Cheers m'dear  I got an alert


----------



## hopless500 (21 Sep 2016)

Thanks @Shaun. Unwatching and rewatching seems to have done the trick


----------



## Shaun (21 Sep 2016)

@hopless500 - alerts have previously been expired 7 days after being viewed, so I suspect the photo thread one will have been read (as part of checking them generally) and cleaned out. To help avoid this in future I've extended the retention of read alerts to 30 days.

@coffeejo - I can't change the look or nature of how the alerts work, but I have extended the time _viewed _alerts stay in the pop-up from 12 hours to 24 hours (upto the system maximum of 25 alerts).

Cheers,
Shaun


----------



## coffeejo (22 Sep 2016)

Shaun said:


> @coffeejo - I can't change the look or nature of how the alerts work, but I have extended the time _viewed _alerts stay in the pop-up from 12 hours to 24 hours (upto the system maximum of 25 alerts).
> 
> Cheers,
> Shaun


@Shaun, I get that you can't change how the alerts work but just for reference in case it's ever a discussion with the developers, here's a screenshot. I don't know what time I logged on this afternoon but I have been slowly working my way though the unread threads (9 alerts, several pages for each).
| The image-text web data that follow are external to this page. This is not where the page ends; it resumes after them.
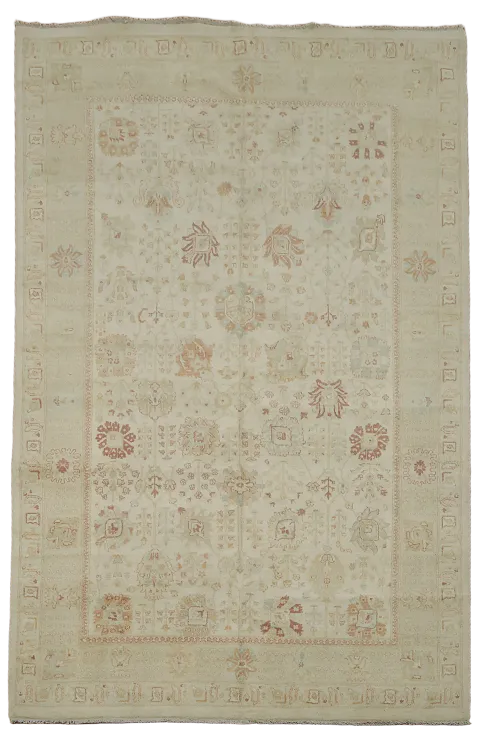 Vegetable Dye Peshawar Chobi Wool Area Rug 6x10
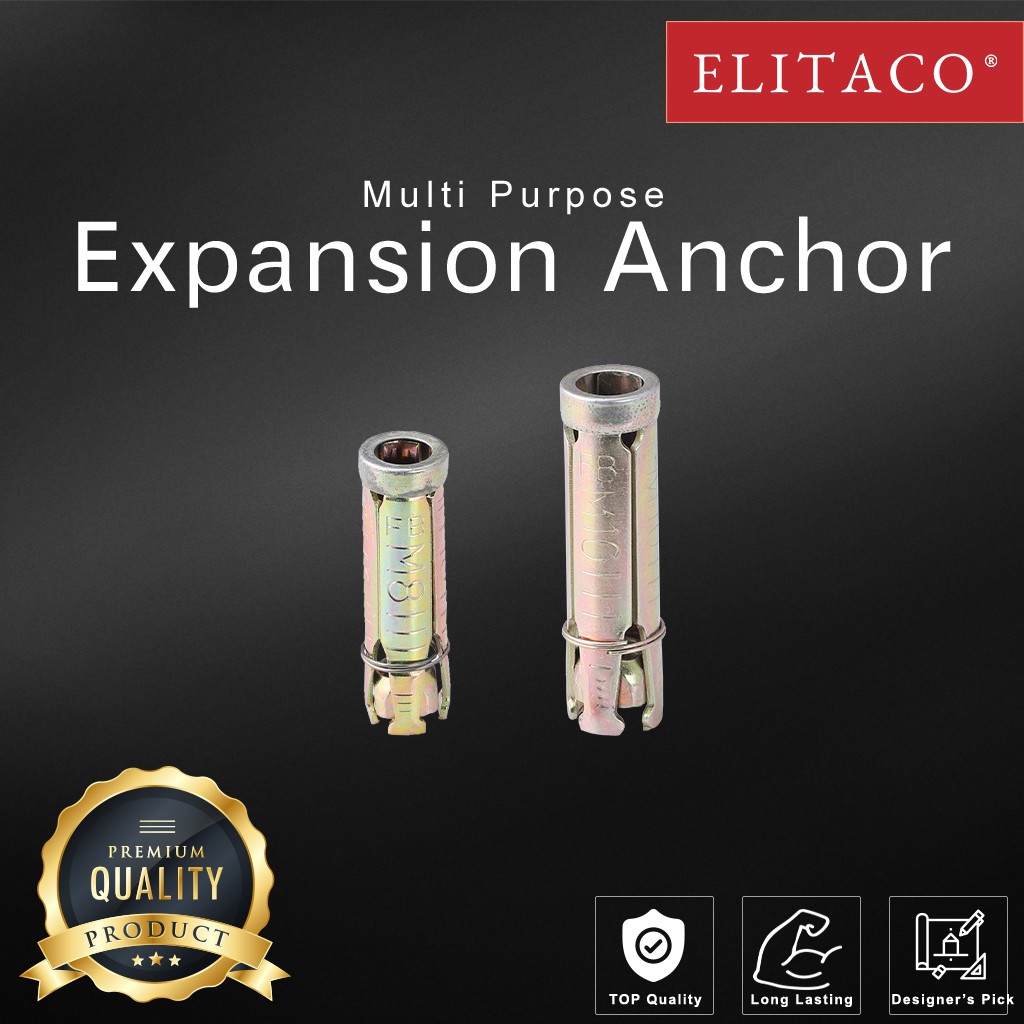 【ELITACO】Expansion Anchor Bolts Concrete M8 M10 Expandable Metal Wall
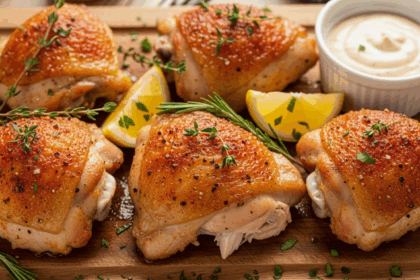 Baked Chicken Thighs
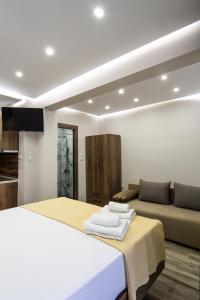 Posezení v ubytování Nikolaidis Apartments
I've read four of the five threads...


----------



## classic33 (22 Sep 2016)

coffeejo said:


> @Shaun, I get that you can't change how the alerts work but just for reference in case it's ever a discussion with the developers, here's a screenshot. I don't know what time I logged on this afternoon but I have been slowly working my way though the unread threads (9 alerts, several pages for each). I've read four of the five threads...
> 
> View attachment 144951


Why not go to your alerts page.


----------



## coffeejo (22 Sep 2016)

classic33 said:


> Why not go to your alerts page.


It's fine on my PC but the browser on my phone doesn't do multiple tabs very well and it's a PITA.


----------